The Highland Camrose Bungalow Village, a cluster of 13 historic homes near the Hollywood Bowl, could become the home of the Los Angeles Philharmonic Institute for Young Musicians and Conductors under an ambitious new plan to save the 60- and 70-year-old structures.
At the request of county Supervisor Ed Edelman, members of the city's Cultural Heritage Commission agreed Wednesday to forbid demolition of the bungalows for at least two more months while city and county officials join in an attempt to buy the two-acre site, now priced at $2.9 million.
City Councilman Michael Woo introduced a motion to council members Wednesday that would free $200,000 in city park funds to go toward the plan. The City Council is expected to vote on the proposal after it is studied by the city's Parks and Recreation commission.
County supervisors, meanwhile, are expected to vote soon on a larger share of the purchase price, Edelman said. The supervisor said he hoped the state would contribute money toward the plan, based on initial support he has received from state Senate President Pro Tem David A. Roberti (D-Los Angeles).

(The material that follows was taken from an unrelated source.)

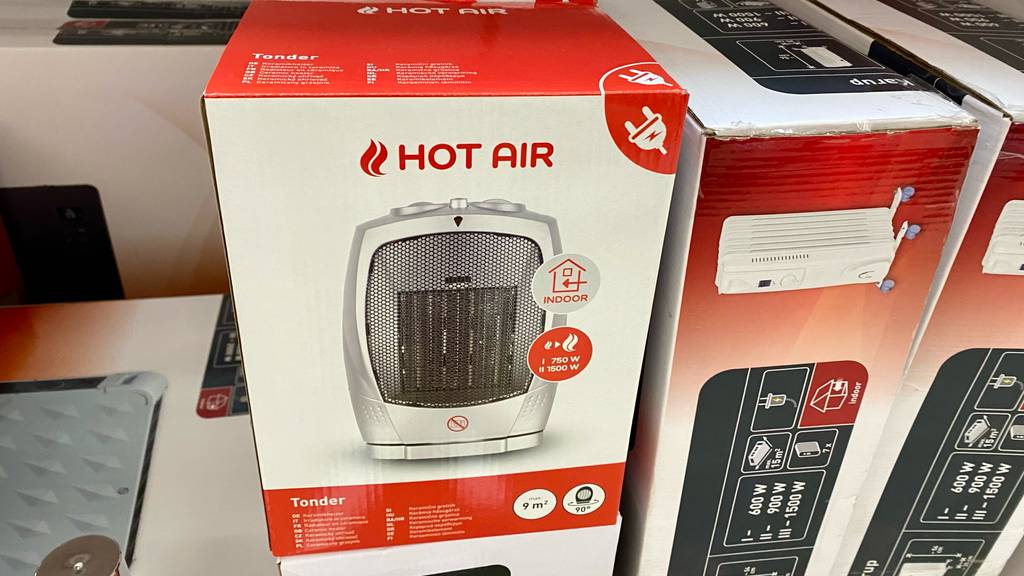 Keramik-Heizlüfter Hot-Air-Tonder von Obi im Test: Gerät befindet sich in einem Karton.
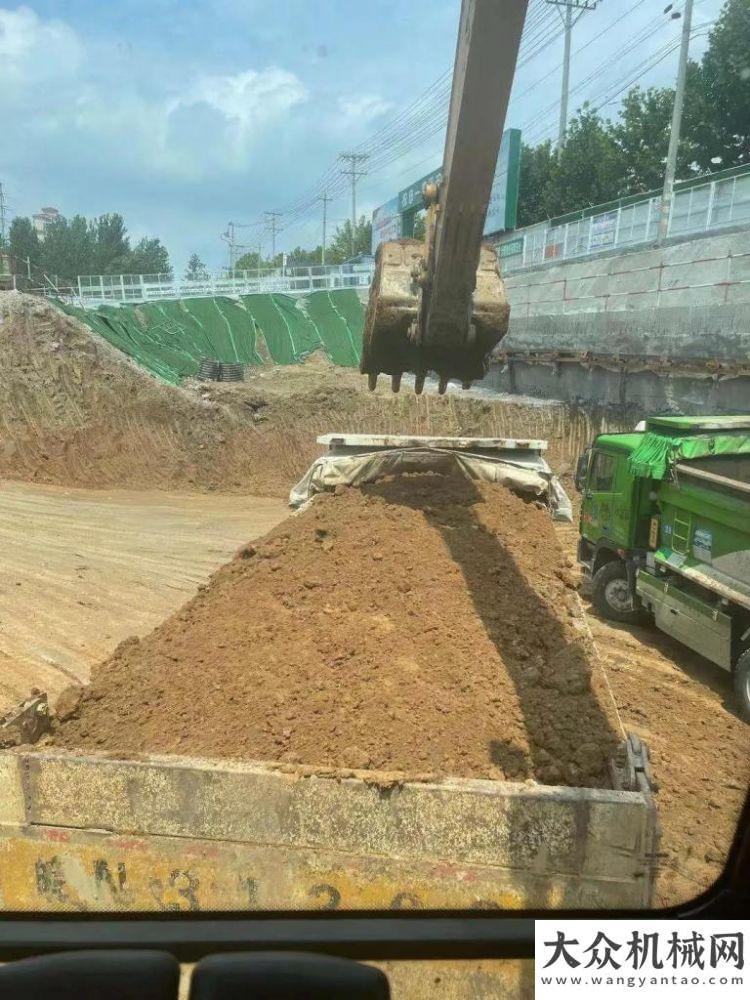 銷量增幅超【臨距離】油耗低、操控好、效率高，山東臨工E6210Fs助力千禧年老板快速致富創(chuàng)新研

But Edelman predicted that the county would be able to finance the purchase even if the state does not participate. Edelman said he has identified sources of financing, but declined to say what they sources are.
"I'm hopeful," the supervisor said in an interview Thursday. "I think it looks promising at this stage."
The Jan Development Co., a Beverly Hills firm that bought the weather-worn village more than a year ago, has agreed to sell the property if preservationists are able to find the financing. But in the eight months since the village was declared a Los Angeles historic landmark, efforts to attract a private buyer have failed.
If no agreement is reached, Jan Development hopes to tear down the village and construct a 180-unit luxury apartment complex on the site. Edward Czuker, vice president of the company, said the firm is willing to negotiate with potential buyers and is anxious to resolve the issue.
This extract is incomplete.